*ASSIGNED TASK*:
Below are the records; print exactly the lines from the one with "Leigh Matthews celebrates" through the last, both included, and leave the pictures out.

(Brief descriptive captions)

☆ ☆ ☆

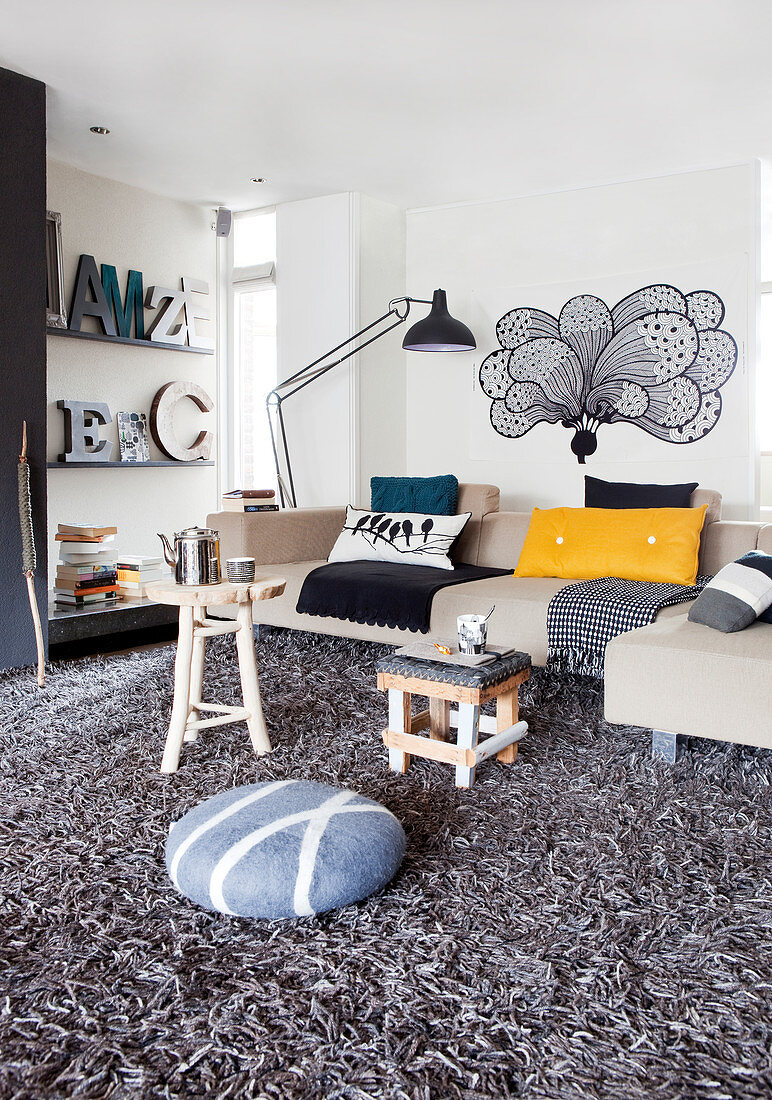 Pale sofa set and decorative letters on shelves in living room with grey long-pile rug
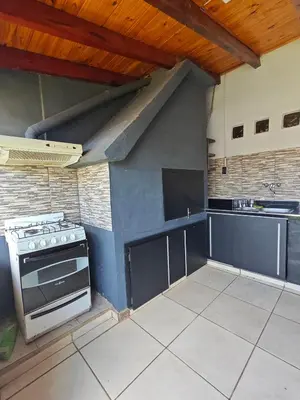 a kitchen with a stove and a sink at La Bernardina in Villa Carlos Paz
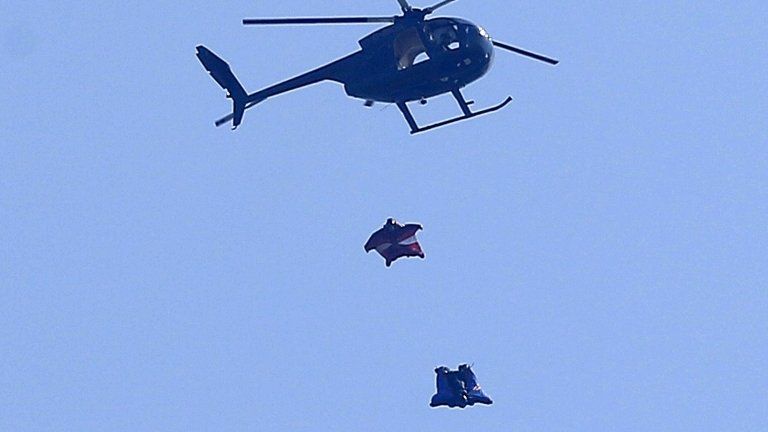 Stuntman Gary Connery (bottom) and cameraman Mark Sutton (top) are seen in the sky wearing specially developed wingsuits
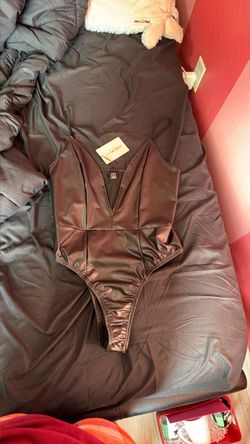 New leather bodysuit large women’s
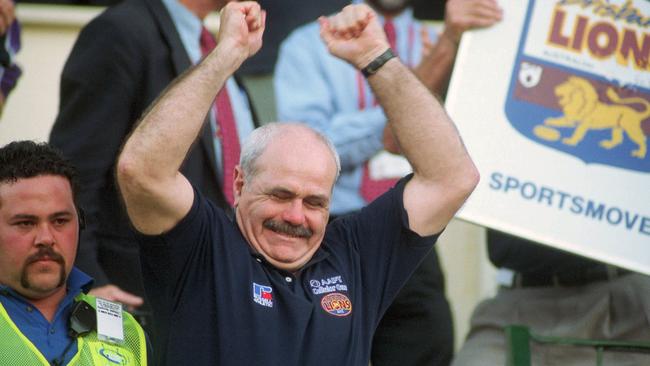 Leigh Matthews celebrates Brisbane’s 2001 premiership win.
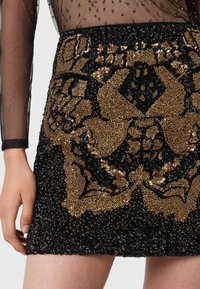 Czarna spódnica mini z cekinami w złotym kolorze, ozdobiona skomplikowanymi wzorami z koralików, o fakturowanej powierzchni i dopasowanym kroju z końcem tuż nad udem.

☆ ☆ ☆

*SOLUTION TO THIS TASK*:
 Leigh Matthews celebrates Brisbane’s 2001 premiership win.
 Czarna spódnica mini z cekinami w złotym kolorze, ozdobiona skomplikowanymi wzorami z koralików, o fakturowanej powierzchni i dopasowanym kroju z końcem tuż nad udem.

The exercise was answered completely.